An MBA positions individuals for success; this degree provides the skills and competitive edge needed to accomplish ones’ career goals.  Employees with MBAs are high in demand. The U.S. Bureau of Labor Statistics reported that employment of management-related occupations will grow 6 percent from 2014–2024, resulting in approximately 506,000 new jobs. In addition, organizations planning to hire MBA graduates are up: four out of five organizations want to hire MBAs!

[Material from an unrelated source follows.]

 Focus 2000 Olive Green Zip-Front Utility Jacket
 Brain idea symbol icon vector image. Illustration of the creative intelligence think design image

MBAs also command higher salaries. The Graduate Management Admission Council noted in its 2015 research that the median starting salary for new MBA graduates in the United States was $100,000. The Council also reported this figure was an increase of 5.3 percent over the previous year and double the salary of graduates with only a bachelor’s degree. Furthermore, MBA students are promoted earlier than peers, have the skills to become an entrepreneur and/or consultant, and have skills to transition to several fields.

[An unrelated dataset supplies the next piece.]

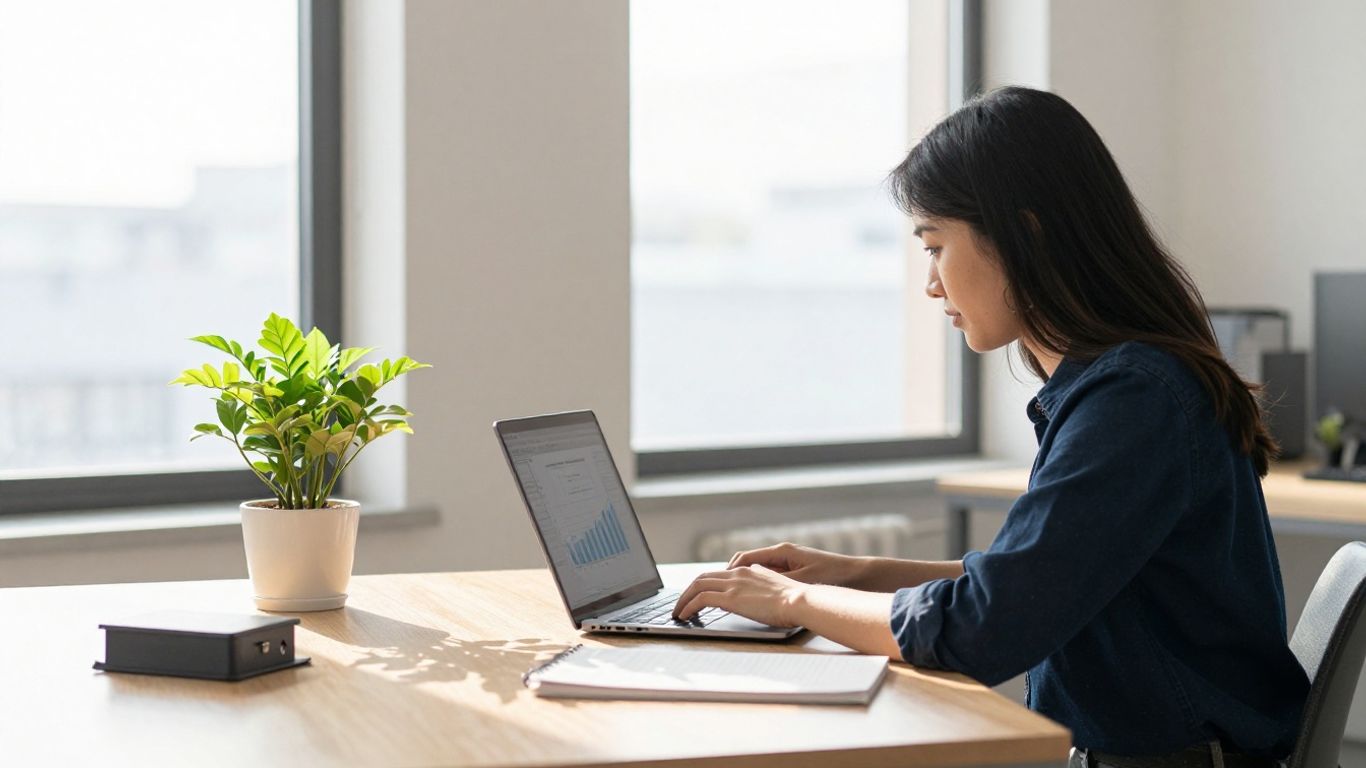 Person working on laptop in a bright, modern office.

What courses are typically covered in an MBA curriculum? All the different functions and activities within an organization, e.g.: accounting, finance, operations management, marketing, leadership, organizational behavior, human resources management, entrepreneurship, ethics, managerial economics, quantitative analyses, and global business. The curriculum offers the requisite theories, research, decision-making skills and ethics to fit into the business community. MBA students learn how to critically analyze case studies, solve complex business problems, and deal with ambiguity. There are also opportunities to have a concentration within the MBA in an area of interest, e.g., human resources, leadership, and accounting.  Concentrating within a specialized area shows prospective employers mastery in one or more aspects of business.

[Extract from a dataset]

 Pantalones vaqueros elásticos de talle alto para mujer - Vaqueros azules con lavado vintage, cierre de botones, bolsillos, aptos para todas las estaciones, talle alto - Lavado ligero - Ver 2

MBA graduates have a large skill set, including effective communication and teamwork, that are highly desirable by employers across industries. These versatile skills make them effective in addressing organizational needs with a thorough understanding of ways their unique role impacts the entire organization. Furthermore, MBA students think strategically and globally in all aspects of business.  An added benefit students receive from MBA programs is the development of a business network that will assist them with skill enhancement, as well as exposure to different cultures and business practices.

With an MBA, students are able to communicate and perform ethically and professionally in business situations, and can integrate various roles of accounting, marketing, finance, management, and economics into strategic business analysis. Students can investigate real-world business problems and generate recommendations for action. If your interests and abilities are focused in advancing in the field of business, and you want a career trajectory that allows for continued growth, opportunity, and success, consider an MBA.